姜府门前,妇人一边哭一边下跪磕头,以至于围观的百姓越来越多。
“姜夫人怎么不让人进门呢?闹出去不好看。”
人群中,有人发出疑问。
无论姜淮养没养外室,这都是姜家的私事,家丑不可外扬,闹出去还是姜家的人没脸面。
况且,妇人的儿子都几岁了,还养在外头太说不过去。
林月纱发觉,百姓对姜淮养外室这件事非常宽容,甚至有男子认为许氏生不出儿子,应该主动给姜淮纳妾。
总之这件事若说有错,也是许氏有错再先。
不孝有三无后为大,没儿子当绝户,死了都没人摔盆。
姜府门前的妇人还在不停地磕头,大冬天跪在冰冷的地上,额头磕出一道道的红印子,反倒引发同情。

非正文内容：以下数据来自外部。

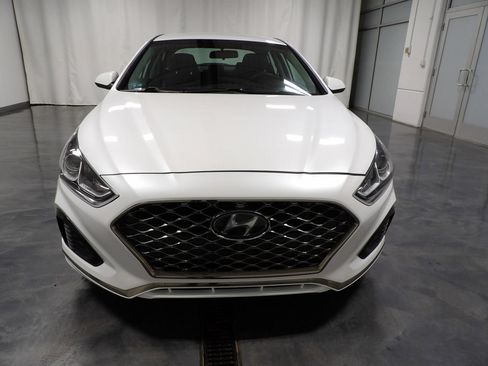 Used 2019 Hyundai Sonata SE FWD image 2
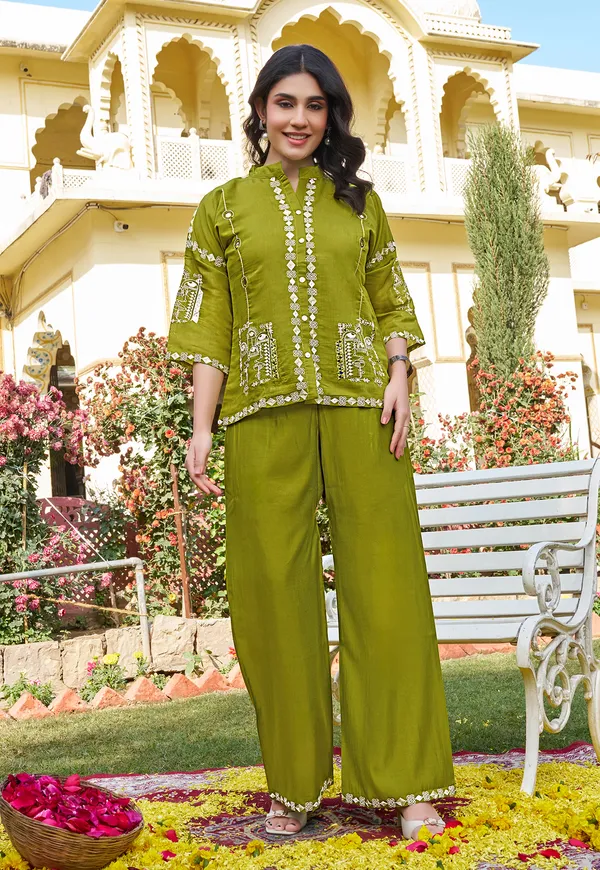 Mull_Chanderi_Thread_Work_Top_With_Trousers_Co-Ords-KS-230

姜府正门,林月纱挤不进去,只得绕路,跑到另一侧后院的角门。
角门锁着,没有人,姜宝珠不在。
林月纱拍拍手,一个利落的助跑,扒着墙头爬进去,顺利地进入姜府。
突发变故,姜府上下一团乱,下人们也不知道如何是好。
“林姐姐,你咋进来的啊?”
小喜到前院探听消息,看到人群不散,很是头疼。
没有夫人和小姐的命令,下人不敢开门把人放进来。
“我在后院墙头跳进来的。”
林月纱拉住小喜问道,“你们小姐呢?”
“小姐在主院,夫人听说有母子上门来闹,一口气没上来,晕过去了。”
小喜擦擦汗,她还小,不是很懂,总之门外那个不是省油的灯,看姜府富贵,想来给自家老爷做小妾的。
“千万不能把人放进来。”
林月纱理解许氏的做法,宁可丢脸些,把事情闹大。一旦那母子进了姜府的大门,就等于对围观的百姓承认二人身份。
眼下,姜淮不在府里,不可听信那妇人一面之词。
林月纱到主院,得知许氏吐了一口血,人昏昏沉沉的,下人从后门出去,已经去请郎中了。
“月纱妹妹
,我该怎么办?”
姜宝珠露出迷茫之色。尽管重生了,有上辈子的教训,而她仍旧不是个聪明人,遇见事彻底慌了。
上辈子爹爹对娘亲始终如一,从未有过二心。如果爹爹外头有人,家业也落不到何兴的口袋。
刚刚,姜宝珠到前院看了看,那个妇人带着的小娃子,的确和爹爹有几分像。
难道,那妇人真是爹爹的外室?
林月纱也很头疼,怎么办轮不到她一个外人插嘴。
不过有一点,那妇人趁着姜淮走货上门,心机不是一般的深。
许氏让母子俩进门,等于认下二人,若是扔在门口放任不管,又有百姓风言风语,私下里说许氏善妒,自己生不出儿子,就想让姜淮绝后。
无论怎么做,都输了,进退两难。
“宝珠姐姐,你相信吗,你相信那个妇人带的儿子是姜老爷的骨肉吗?”
林月纱直言不讳,她在思考对方碰瓷的可能性。